Die erotischen Verhältnisse stehen eindeutig im Vordergrund. Doch nach der Eroberung des x-ten Mädchens beschleicht den leser der Verdacht, dass es dem Chronisten bzw. seinem Helden vor allem um die Verkündung seiner sexuellen Großtaten gegangen ist. Ihm als Großgrundbesitzer, der sich als „gnädiger Herr“ alles herausnehmen kann (aber keine eigene Familie zustande bringt), können die Frauen vom Lande ihm nichts entgegensetzen, weder Unterwäsche noch Moral.

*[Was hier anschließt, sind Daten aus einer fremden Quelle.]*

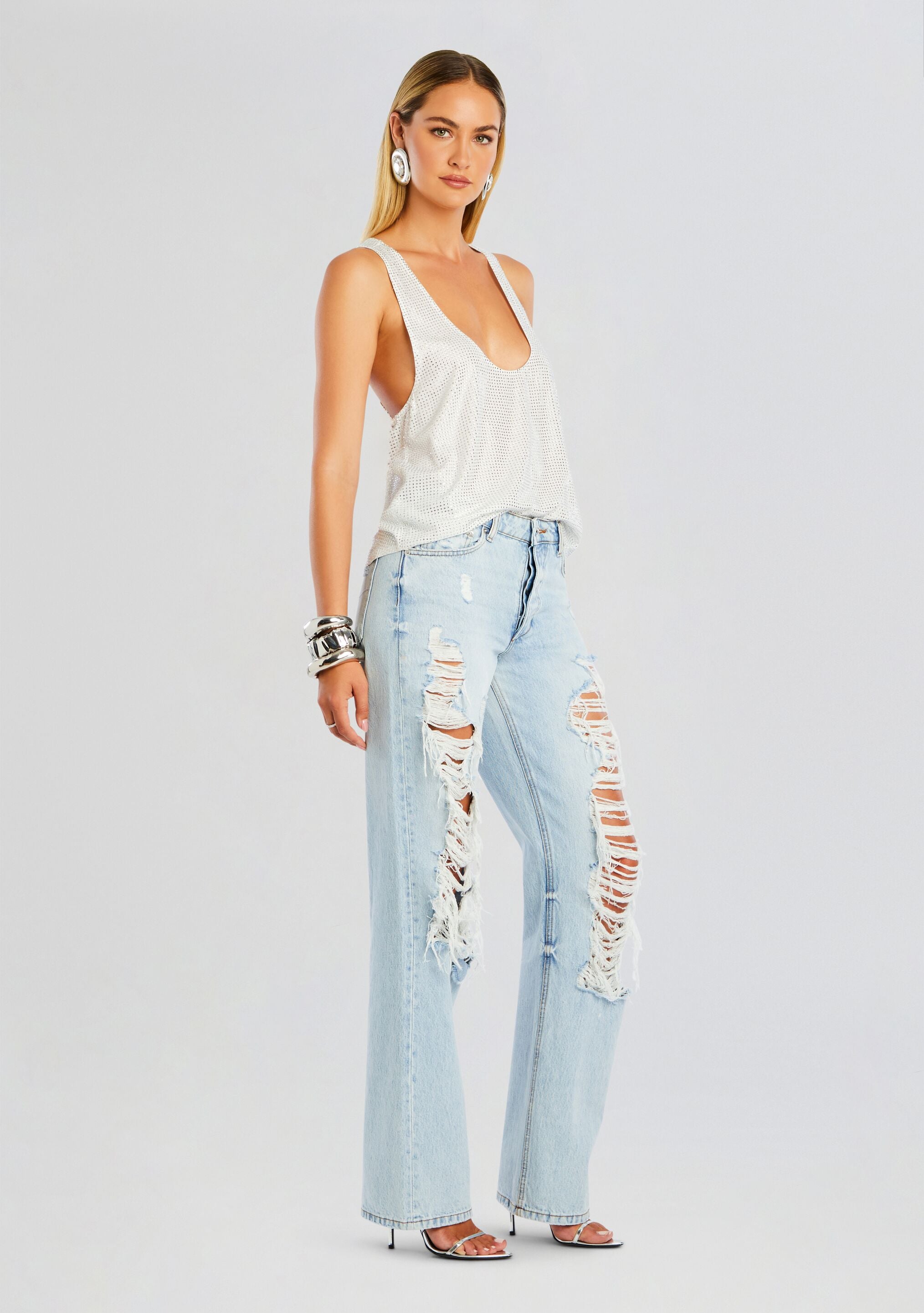 $328 LF CARMAR Marietta High Rise Boyfriend fashion Floral Patch Distressed Jeans 29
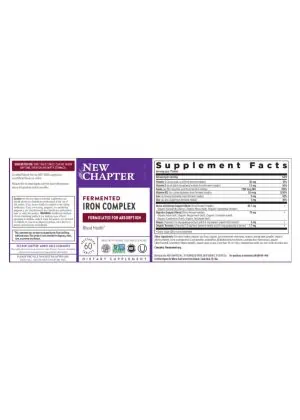 New Chapter Fermented Iron Complex -- iron supplement, energy support - Back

Wenn es noch eines Beweises bedurft hätte, so lese man die Konfrontation mit Baronesse Hermine. Während ihre Zofe dem „Baron“ mit Freuden zu Diensten ist, so sucht die Baronesse in Ermangelung eines Gatten Befriedigungsmethoden, die weit unter moralischen Level liegen, das man von ihr erwarten kann. Sie hat sich quasi disqualifiziert und spielt nicht mehr in der gleichen Liga – ist eben doch „nur“ eine Frau.

Hinweis

Dieser Band wurde am 25.5.1983 von der Bundesprüfstelle indiziert (Bundesanzeiger Nr.96). Es war der 8.Goldmann-Erotikon-Band, der der Indizierung zum Opfer fiel.

Taschenbuch: 138 Seiten; plus Leseprobe von „Musset: Gamiani“.
Originaltitel: Odor di femina, 1891
Aus dem Französischen von Fritz Mautner.